Carter also has had excellent production as a passer. His 11.5 assist rate ranks third in the ACC among front court players, according to Kenpom. In the St. John’s game you could see Carter's knack for making decisions with the ball from the high post and his good feel for passing out of the low post.
Carter has excellent defensive potential as an NBA center because of his bulk, strength and length. At the 2017 Nike Hoop Summit, Carter’s wingspan measured 7-foot-3, which is good for an NBA center. (See my post on Bagley for the strong correlation between wingspan and potential for NBA centers.)
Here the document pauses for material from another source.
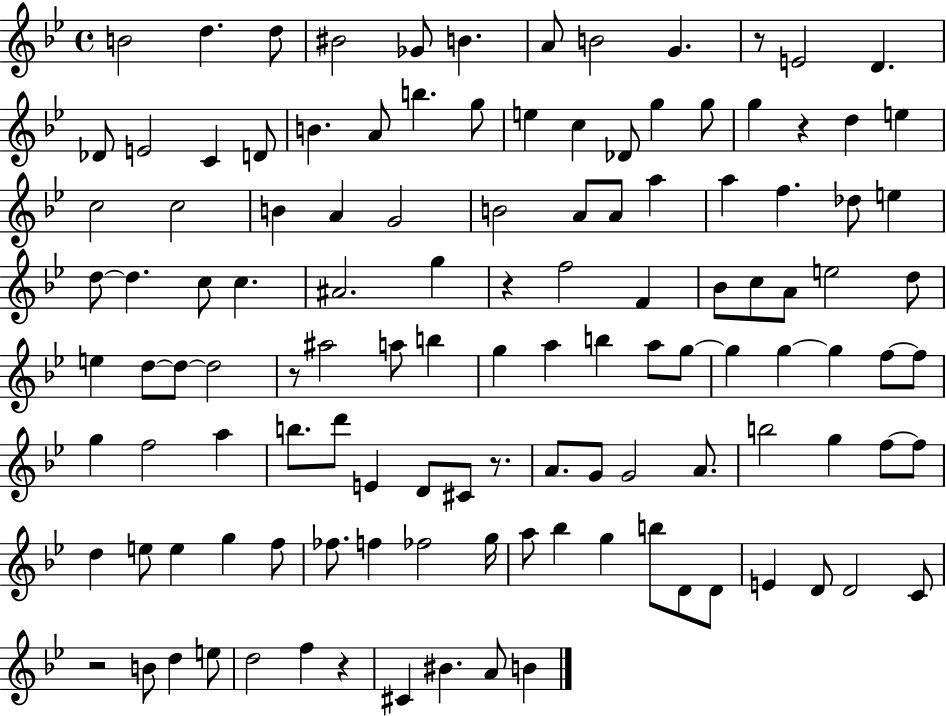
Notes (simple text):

B4/h D5/q. D5/e BIS4/h Gb4/e B4/q. A4/e B4/h G4/q. R/e E4/h D4/q. Db4/e E4/h C4/q D4/e B4/q. A4/e B5/q. G5/e E5/q C5/q Db4/e G5/q G5/e G5/q R/q D5/q E5/q C5/h C5/h B4/q A4/q G4/h B4/h A4/e A4/e A5/q A5/q F5/q. Db5/e E5/q D5/e D5/q. C5/e C5/q. A#4/h. G5/q R/q F5/h F4/q Bb4/e C5/e A4/e E5/h D5/e E5/q D5/e D5/e D5/h R/e A#5/h A5/e B5/q G5/q A5/q B5/q A5/e G5/e G5/q G5/q G5/q F5/e F5/e G5/q F5/h A5/q B5/e. D6/e E4/q D4/e C#4/e R/e. A4/e. G4/e G4/h A4/e. B5/h G5/q F5/e F5/e D5/q E5/e E5/q G5/q F5/e FES5/e. F5/q FES5/h G5/s A5/e Bb5/q G5/q B5/e D4/e D4/e E4/q D4/e D4/h C4/e R/h B4/e D5/q E5/e D5/h F5/q R/q C#4/q BIS4/q. A4/e B4/q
Carter is a very good NBA prospect with a seemingly high floor. He could make an immediate defensive impact, and has the strength and skills to be an effective scorer around the basket despite relatively limited athleticism. Carter also has potential as a play-making big.
Carter is a good student — he considered Harvard before choosing Duke. Before this season there was some speculation that Carter might stay there for more than one year to pursue his degree. He said his experience at Duke has been positive: “I’ve made a lot of great friends, probably my best friends for life.”
Now that he’s emerged as a top NBA prospect Carter would face what could be a difficult choice on whether to return to school. Carter admitted that it’s hard not to think about his NBA future.
“But I just kind of let things come and cross that bridge when I come to it,” he said.